Sur la Rive Sud, à Saint-Lambert, nous sommes intervenus sur une installation résidentielle où une thermopompe Fujitsu ne livrait plus le rendement attendu. À première vue, l’unité extérieure était en bon état, installée sur une terrasse en bois, près d’une porte-patio et d’un mur de brique. Pourtant, à l’usage, le confort n’y était plus : chauffage irrégulier, cycles plus courts, et une impression que la machine « force » sans jamais stabiliser la température.
Dans ce type de situation, notre approche chez AirGreen est simple : ne jamais présumer, et vérifier méthodiquement chaque élément — de l’alimentation électrique jusqu’au circuit frigorifique.

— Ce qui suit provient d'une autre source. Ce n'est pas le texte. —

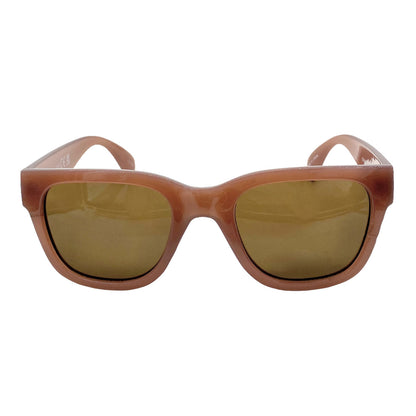 Empire Cove Classic Round Sunglasses Trendy Retro Shades Sunnies UV Protection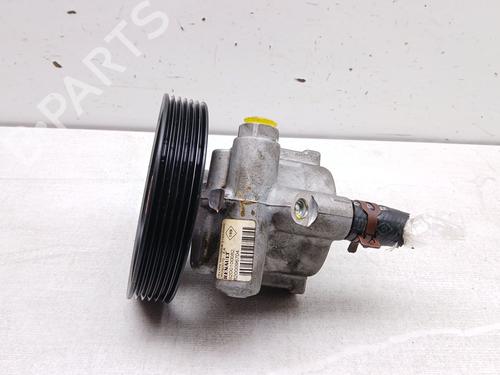 Styring servopumpe RENAULT LAGUNA II (BG0/1_) 1.9 dCi (BG08, BG0G) | BP28810180M99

Type de système et contexte de l’intervention
La photo montre clairement une unité extérieure de thermopompe murale (mini-split / unité murale). Le format compact, l’absence de conduits, ainsi que la configuration des liaisons (tuyauterie isolée + câblage) indiquent un système mural classique, très courant en condo et maison de ville.
Côté gamme, le design et l’usage résidentiel « Grand Montréal » correspondent bien à une thermopompe murale Fujitsu de génération récente, de type Fujitsu Orion XLTH (R-32) (modèle cohérent pour notre climat et souvent choisi pour sa stabilité en chauffage par temps froid).
Détails d’installation observables (et ce que ça implique)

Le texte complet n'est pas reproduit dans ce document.